I left my wife on a Monday night. My friend pulled his VW Van up in front of the tiny, Spanish style house we were living in at the time, and we just started loading my things. I can still remember those two somber faces—my four-year-old son and my wife, thirty years his senior—as they sat on the couch and watched us go in and out of the house. Oh, I didn’t take much in the way of material things, my clothes and my stereo, but what I took were pieces of our hearts. I hurt my wife a lot that night. Perhaps not more than she had hurt me over fifteen years of marriage, but who is to say who did what to whom, or who hurts the most in a failed marriage. My son was a little too young to understand all that was happening or what it was to mean for him, so he just sat in his mom’s lap and watched my passage without a word. They both sat and stared in silence, and I guess I’ll never forget those stares or the pain of that evening.

Leaving is always hard. Harder still if it means leaving those you really care about. I was so angry and so determined that night that I couldn’t allow myself to consider their feelings. It had taken me an agonizingly long time to make the decision, and I wasn’t stopping to reconsider. That night changed three lives forever. I wish I could tell you it was for the best, but after 33 years, I still don’t honestly know. Some men—and some women as well—never look back when they leave their spouses and children, but I must confess that I have looked back a thousand times without an answer. Every moment of joy since that day has been tinged with the guilt and sadness that my son’s life was never as secure and, perhaps, as fulfilling as it could have been if I had stayed. Every time my son went with his mother, I silently cursed myself for putting him in the position of having to adjust to life in two homes, and with two families. Every scene of a family having fun together, laughing and playing and just enjoying each other, left me empty and ashamed. Because I’m the one who decided to leave, I chose to carry this guilt squarely on my shoulders, and it has been a very heavy weight. I know that it is not healthy to feel guilt for this long, and would tell my clients the same, but like you, I’m still a work in progress.

What made me so unhappy that I had to leave? Why was I so dissatisfied? Was it me or was it her? I can think of many ways to answer these questions, but none of which assuage my guilt. I know now that I was asking my wife to be something she was not capable of being. I wanted her to love me freely and without reservation, but am now aware of how impossible that must have felt to her. I hoped she would be happy to see me when I got home and eager to find time to bring the baby and have lunch with me, but this disrupted a schedule she felt she had to adhere to. I wanted her to plan for fun times and commit to working through the difficult times, but planning, and committing, and working through our issues, was really not something she felt capable of doing then. I yearned have other children and enjoy raising them together, but she did not share this goal. These were the things I wanted and needed from my marriage, grew to believe they would never happen, and so made the decision to leave. I’m sure that if you asked her you would get similar responses of unmet needs and unfulfilled dreams.
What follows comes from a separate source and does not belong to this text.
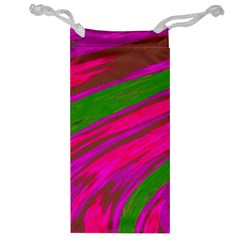 Swish Bright Pink Green Design Jewelry Bags by BrightVibesDesign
It took me some time, but I did recover from the devastation of separation and divorce, and set about to start my life over at forty. With the help and encouragement of friends, I met some women, got onto a dating website, and started, tentatively, building new relationships. Most of these lasted less than a year. Eventually, I had a long-term relationship which, unfortunately, did not end with my goal of remarriage. I had mixed feelings about getting married again; both desiring to have another partner and worrying about how this would affect my son. He was always my first priority, taking much of my time and attention, and as the years passed the window of opportunity to remarry began to close. I discovered that many of the women I met did not want to get married again. Although I am currently in a stable and fulfilling relationship, I remain single by choice—hers. I have learned a lot about myself and about intimate relationships in the past 33 years; one in particular is that love and sex can be just as wonderful as they were when you were young. There are some differences to be sure, mostly in the physical arena, but the ability to give and receive love can actually be enhanced by experience, seasoning, and maturity.

Although romantic love can be experienced just as fully in later maturity as in younger years, does this apply equally to marriage? Can the commitment of marriage to one person remain exciting and vibrant through the years, or does it inevitably fade over time? My editor, who’s been married almost 25 years, thinks it can. She recently told me that she feels the same rush of excitement when she sees her husband after a day or two away, that she felt on their first date. “It all comes down to picking the right person,” she says, “and not having unrealistic expectations.” What are realistic expectations?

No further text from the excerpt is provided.